‘A sustainable future has to be just’

Our last week at IBERO was short but very busy! It was a week of lasts – last classes, last lunches, last bus rides. The final projects that we had been working on during our time here were due on Thursday. My project discussed the power imbalances in environmental management, particularly focusing on the different values placed on indigenous and western knowledge. This was an idea introduced to me in a class back at UoA, but I expanded on it over here, in particular, learning more about the Mexican context. Writing the 15-page report consumed my week, especially as we had previously had very little spare time to complete it! Previously I wasn’t a coffee drinker, but during this week, my reliance on coffee definitely grew!

After getting back from Guadalajara on Monday, we had only 3 days of classes on our final topic – environment and sustainability. Our learning was centred around watching the documentary ‘Home’ by Yann Bertrand (2009). While watching it, we would pause in certain places and discuss ideas. As one of my majors is the global environment and sustainable development, I had learnt about this topic before, so the facts weren’t surprising. However, it did remind me just how much humans have degraded the environment and how we continue to use resources as if they were exponential despite knowing the consequences. It can be easier to ignore these facts and continue life as normal, and this, in part, is due to the current discourse around climate change. Most media outlets and information focuses on the disaster side and is full of doom and gloom. This creates feelings of hopelessness. Our teacher highlighted the importance of a discourse of hope. Globalisation has been very powerful in spreading the current messages – how can we use the same system to spread different messages?

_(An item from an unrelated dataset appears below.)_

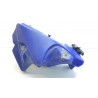 Réservoir Yamaha YZ 2010 / Fuel tank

We also considered the question of what progress and development is. Should continuous progress be our goal? Is the standardisation of one idea of progress something that we should aspire to? How does this affect our social relations? These are questions with complex answers, which would differ depending on whom you asked. Overall, our professor highlighted the importance of situated knowledge to combat climate change as well as a reprioritisation of what we want, not placing economic growth at the top but social and cultural values as well. The key message that stood out to me was that sustainability has to be just – something cannot be sustainable if it exploits a person’s rights. Climate adaptation and mitigation plans have to have strong social foundations. Access to food, water, health care, good income, education, resilience, social equity, and gender equality all have to be addressed so that people have the energy and capacity to fight climate change. A person who is unable to meet their daily needs is going to have priorities that don’t include climate change. I think this needs to be considered more when talking about adaptation and mitigation plans, that looking after our planet includes looking after each other.

Our visit this week was to Chinamperos in Xochimilco. Xochimilco is in the south of Mexico City and is the last place where you can see the original lake that the city was built on. The ‘islands’ in Xochimilco were built hundreds of years ago by the Mixtecs. Mostly known as a tourist attraction where you go on colourful boats, listen to mariachi bands, and get drunk with friends, we were instead visiting one of the last remaining farms in the area. Previously there were hundreds of families producing crops, but these numbers have fallen as it has become less and less profitable to live there. The waters of Xochilmilco are also heavily polluted. The cooperative we went to was an example of a farm using traditional methods mixed with scientific ideas to be sustainable producers. On their land, they had a natural water filtration system to clean their polluted water, which was put in place by the local University of Mexico. Once implemented, it requires very little upkeep and can also be used as a healthy environment for axolotls, which are endangered and native to Mexico. It was really cool to see a more natural part of the city and see how a lot of the city’s produce is grown. It was a beautiful place, and it was very easy to see why the local people are fighting to preserve it

Our weekend included big sleep-ins to recover from the past week and get ready for the exciting one ahead. We went to our last uni-organised party at a rooftop pool which was a crazy experience and got in the football spirit by making a feast of some of the recipes we had learnt to eat while watching the Superbowl.